THE DATA:
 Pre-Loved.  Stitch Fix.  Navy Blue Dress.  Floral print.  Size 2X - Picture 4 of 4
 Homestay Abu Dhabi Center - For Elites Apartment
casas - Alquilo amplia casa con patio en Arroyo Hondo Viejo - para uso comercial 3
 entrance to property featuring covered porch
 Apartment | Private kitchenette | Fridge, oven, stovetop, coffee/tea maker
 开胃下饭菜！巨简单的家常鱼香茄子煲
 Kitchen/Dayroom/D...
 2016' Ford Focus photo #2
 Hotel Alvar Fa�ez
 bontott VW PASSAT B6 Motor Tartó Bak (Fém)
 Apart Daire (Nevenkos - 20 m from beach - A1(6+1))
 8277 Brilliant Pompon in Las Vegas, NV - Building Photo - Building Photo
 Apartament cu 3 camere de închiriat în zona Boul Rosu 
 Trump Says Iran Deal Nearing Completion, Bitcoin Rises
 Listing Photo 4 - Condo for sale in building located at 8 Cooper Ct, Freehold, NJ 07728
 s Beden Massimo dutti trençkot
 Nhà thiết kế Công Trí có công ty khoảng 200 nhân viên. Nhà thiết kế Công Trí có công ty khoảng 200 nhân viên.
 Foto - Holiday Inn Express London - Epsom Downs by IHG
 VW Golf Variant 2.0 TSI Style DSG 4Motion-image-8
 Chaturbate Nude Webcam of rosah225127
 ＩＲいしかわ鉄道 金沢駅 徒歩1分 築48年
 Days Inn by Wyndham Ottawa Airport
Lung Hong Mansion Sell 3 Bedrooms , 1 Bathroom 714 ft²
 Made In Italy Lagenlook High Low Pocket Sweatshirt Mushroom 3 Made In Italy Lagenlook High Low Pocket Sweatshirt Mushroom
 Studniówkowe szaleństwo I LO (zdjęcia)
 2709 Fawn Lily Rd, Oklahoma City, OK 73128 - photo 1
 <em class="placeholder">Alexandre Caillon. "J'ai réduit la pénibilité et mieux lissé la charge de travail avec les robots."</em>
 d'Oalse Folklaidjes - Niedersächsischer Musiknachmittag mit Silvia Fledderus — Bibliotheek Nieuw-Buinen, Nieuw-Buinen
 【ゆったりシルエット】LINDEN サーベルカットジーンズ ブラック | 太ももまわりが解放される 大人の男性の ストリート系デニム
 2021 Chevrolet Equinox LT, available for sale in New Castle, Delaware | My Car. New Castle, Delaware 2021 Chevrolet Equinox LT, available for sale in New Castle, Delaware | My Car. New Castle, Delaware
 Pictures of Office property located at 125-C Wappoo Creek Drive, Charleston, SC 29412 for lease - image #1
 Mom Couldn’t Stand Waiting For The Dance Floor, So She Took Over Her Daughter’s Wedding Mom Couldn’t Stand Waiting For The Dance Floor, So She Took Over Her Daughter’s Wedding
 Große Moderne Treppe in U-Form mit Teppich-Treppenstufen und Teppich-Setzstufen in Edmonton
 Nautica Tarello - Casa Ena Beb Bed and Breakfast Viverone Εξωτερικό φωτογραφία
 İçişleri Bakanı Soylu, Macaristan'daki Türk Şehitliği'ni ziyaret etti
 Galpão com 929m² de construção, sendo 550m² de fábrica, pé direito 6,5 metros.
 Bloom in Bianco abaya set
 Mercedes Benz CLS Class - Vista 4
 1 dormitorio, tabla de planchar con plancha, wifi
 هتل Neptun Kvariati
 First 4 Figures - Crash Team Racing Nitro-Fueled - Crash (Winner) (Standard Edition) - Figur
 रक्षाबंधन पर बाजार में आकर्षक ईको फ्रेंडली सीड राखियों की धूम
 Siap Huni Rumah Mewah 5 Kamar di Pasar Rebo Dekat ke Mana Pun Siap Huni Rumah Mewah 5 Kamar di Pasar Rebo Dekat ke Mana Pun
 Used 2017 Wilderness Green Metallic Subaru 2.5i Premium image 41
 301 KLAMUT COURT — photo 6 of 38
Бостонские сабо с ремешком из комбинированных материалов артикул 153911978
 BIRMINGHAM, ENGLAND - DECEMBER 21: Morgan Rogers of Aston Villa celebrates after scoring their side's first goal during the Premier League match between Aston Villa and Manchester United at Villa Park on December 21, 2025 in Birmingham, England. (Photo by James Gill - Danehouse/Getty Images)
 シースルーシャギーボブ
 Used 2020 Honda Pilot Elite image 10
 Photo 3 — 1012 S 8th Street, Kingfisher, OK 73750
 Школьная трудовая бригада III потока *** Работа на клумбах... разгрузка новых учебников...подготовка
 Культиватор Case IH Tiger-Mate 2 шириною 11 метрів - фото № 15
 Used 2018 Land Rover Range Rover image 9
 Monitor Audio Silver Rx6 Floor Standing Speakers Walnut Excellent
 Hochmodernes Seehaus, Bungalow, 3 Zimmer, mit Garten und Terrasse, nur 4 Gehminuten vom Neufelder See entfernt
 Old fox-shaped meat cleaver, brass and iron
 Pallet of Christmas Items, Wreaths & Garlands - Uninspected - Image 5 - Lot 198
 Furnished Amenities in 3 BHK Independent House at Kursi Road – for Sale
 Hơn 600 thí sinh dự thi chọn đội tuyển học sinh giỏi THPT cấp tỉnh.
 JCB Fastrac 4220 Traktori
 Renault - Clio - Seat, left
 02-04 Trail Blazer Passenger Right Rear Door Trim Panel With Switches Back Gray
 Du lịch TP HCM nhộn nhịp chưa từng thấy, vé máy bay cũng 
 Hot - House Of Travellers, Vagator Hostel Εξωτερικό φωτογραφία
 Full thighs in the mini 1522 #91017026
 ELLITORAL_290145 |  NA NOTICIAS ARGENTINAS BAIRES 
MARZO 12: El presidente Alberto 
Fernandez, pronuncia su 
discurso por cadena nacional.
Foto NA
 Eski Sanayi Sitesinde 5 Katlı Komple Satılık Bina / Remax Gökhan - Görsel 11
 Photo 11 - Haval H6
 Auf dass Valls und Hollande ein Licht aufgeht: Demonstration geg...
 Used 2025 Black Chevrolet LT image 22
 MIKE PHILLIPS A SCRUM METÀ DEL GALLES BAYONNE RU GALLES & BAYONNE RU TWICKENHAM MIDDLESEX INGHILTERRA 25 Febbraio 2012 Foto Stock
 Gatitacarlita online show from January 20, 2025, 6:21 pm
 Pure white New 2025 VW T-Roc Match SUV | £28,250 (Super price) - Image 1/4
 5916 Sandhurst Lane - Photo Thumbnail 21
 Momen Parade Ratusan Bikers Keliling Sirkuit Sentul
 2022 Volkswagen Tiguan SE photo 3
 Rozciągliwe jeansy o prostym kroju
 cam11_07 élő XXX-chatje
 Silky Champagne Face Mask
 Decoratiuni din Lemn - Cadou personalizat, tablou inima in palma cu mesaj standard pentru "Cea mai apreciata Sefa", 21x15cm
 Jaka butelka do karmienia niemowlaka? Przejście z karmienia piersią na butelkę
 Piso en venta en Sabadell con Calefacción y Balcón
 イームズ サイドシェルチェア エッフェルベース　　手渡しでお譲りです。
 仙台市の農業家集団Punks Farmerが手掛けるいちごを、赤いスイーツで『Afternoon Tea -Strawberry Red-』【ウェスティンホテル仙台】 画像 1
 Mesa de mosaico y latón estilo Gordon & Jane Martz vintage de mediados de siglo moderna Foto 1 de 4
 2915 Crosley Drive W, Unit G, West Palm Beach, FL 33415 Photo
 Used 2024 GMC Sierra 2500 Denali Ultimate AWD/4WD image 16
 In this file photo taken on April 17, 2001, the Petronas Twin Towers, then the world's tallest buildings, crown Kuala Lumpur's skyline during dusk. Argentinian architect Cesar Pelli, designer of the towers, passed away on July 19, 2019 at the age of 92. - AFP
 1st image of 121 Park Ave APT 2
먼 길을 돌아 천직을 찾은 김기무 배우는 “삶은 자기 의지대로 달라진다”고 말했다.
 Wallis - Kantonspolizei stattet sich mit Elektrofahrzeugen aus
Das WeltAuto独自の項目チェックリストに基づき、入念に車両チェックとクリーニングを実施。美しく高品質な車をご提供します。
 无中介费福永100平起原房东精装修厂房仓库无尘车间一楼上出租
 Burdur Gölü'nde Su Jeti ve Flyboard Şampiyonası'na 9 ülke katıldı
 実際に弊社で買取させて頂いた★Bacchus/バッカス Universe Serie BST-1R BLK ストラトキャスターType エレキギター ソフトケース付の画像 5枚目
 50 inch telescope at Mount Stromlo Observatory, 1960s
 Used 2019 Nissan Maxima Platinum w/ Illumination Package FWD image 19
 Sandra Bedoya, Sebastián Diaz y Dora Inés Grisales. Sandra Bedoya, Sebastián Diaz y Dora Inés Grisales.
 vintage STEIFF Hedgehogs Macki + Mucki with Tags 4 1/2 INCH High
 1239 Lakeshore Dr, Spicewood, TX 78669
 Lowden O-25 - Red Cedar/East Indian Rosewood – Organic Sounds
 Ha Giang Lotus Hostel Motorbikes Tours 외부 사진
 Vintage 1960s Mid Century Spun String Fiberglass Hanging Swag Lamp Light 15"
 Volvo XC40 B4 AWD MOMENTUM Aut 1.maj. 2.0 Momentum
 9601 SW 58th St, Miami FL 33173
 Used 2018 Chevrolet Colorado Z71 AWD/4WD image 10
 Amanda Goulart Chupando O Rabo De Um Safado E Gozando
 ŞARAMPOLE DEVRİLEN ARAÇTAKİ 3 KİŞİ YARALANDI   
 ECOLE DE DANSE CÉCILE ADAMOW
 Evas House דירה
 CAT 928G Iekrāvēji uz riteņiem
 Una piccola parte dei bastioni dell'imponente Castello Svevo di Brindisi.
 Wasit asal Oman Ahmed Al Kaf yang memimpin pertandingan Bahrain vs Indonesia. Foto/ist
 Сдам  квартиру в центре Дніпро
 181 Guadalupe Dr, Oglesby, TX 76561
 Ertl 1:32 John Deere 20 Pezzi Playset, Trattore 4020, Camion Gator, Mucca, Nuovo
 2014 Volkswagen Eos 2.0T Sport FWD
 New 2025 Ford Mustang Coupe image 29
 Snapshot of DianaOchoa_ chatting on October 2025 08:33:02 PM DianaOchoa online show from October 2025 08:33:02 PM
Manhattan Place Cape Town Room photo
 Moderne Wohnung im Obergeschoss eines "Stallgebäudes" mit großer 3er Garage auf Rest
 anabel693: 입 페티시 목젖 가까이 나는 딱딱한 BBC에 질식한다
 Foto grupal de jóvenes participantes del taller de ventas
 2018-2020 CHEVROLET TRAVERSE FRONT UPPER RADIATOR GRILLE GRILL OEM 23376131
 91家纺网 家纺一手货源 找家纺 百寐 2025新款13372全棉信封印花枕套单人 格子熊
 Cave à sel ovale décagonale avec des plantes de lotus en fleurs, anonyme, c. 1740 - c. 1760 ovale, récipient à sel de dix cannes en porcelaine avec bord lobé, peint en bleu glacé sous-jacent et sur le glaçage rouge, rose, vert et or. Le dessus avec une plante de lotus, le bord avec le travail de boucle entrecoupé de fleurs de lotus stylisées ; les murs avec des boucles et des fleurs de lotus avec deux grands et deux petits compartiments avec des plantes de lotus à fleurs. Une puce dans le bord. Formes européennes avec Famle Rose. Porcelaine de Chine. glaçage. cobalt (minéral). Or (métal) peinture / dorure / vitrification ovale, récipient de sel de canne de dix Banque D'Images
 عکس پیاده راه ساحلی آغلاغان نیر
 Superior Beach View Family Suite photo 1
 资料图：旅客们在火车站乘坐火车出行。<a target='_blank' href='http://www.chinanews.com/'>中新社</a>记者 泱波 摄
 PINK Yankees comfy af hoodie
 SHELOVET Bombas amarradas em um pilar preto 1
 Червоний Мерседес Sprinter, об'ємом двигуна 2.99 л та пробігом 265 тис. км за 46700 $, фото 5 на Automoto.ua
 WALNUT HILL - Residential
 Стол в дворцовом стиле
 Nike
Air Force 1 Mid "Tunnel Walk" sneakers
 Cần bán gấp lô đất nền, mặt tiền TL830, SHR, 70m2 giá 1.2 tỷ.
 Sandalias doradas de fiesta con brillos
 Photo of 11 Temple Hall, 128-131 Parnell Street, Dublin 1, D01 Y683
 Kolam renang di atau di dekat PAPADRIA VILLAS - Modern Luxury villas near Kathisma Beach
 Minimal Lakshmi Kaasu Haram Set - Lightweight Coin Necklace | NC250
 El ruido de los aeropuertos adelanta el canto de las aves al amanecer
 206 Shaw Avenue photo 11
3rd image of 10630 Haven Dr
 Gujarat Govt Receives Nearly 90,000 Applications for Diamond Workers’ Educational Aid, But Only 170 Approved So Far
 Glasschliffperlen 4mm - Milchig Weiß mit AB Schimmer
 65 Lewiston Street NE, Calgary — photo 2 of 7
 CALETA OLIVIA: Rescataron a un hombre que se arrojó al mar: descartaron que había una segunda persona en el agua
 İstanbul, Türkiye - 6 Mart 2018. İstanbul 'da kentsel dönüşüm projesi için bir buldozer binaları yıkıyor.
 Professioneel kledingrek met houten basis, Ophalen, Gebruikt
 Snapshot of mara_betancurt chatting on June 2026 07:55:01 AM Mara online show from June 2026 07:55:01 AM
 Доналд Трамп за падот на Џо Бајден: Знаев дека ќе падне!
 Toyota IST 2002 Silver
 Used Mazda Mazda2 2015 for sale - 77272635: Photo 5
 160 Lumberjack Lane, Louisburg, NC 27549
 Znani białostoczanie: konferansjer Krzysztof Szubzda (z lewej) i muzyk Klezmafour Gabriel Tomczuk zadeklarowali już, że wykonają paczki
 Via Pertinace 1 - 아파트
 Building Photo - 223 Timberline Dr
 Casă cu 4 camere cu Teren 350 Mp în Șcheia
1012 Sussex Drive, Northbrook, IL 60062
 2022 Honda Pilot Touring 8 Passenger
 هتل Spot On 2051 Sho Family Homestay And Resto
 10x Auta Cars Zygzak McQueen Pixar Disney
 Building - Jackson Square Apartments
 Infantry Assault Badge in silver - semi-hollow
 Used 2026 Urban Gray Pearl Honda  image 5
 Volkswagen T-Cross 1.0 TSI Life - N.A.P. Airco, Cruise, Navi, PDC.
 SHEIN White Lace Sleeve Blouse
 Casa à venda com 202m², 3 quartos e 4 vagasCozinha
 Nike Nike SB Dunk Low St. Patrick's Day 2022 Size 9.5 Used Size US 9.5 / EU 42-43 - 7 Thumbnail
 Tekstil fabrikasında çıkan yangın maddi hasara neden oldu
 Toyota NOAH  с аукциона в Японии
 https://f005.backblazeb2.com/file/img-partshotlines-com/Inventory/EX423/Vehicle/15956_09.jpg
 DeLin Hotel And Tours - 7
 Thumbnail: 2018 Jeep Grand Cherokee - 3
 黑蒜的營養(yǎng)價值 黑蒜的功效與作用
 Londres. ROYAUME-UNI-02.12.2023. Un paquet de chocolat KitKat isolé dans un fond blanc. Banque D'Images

INSTRUCTIONS FOR THE TASK:
Please write out, exactly as they appear above, only the lines in the stretch from the line with "Mesa de mosaico" through the line with "먼 길을 돌아 천직을".

RESULT FOR THIS TASK:
 Mesa de mosaico y latón estilo Gordon & Jane Martz vintage de mediados de siglo moderna Foto 1 de 4
 2915 Crosley Drive W, Unit G, West Palm Beach, FL 33415 Photo
 Used 2024 GMC Sierra 2500 Denali Ultimate AWD/4WD image 16
 In this file photo taken on April 17, 2001, the Petronas Twin Towers, then the world's tallest buildings, crown Kuala Lumpur's skyline during dusk. Argentinian architect Cesar Pelli, designer of the towers, passed away on July 19, 2019 at the age of 92. - AFP
 1st image of 121 Park Ave APT 2
먼 길을 돌아 천직을 찾은 김기무 배우는 “삶은 자기 의지대로 달라진다”고 말했다.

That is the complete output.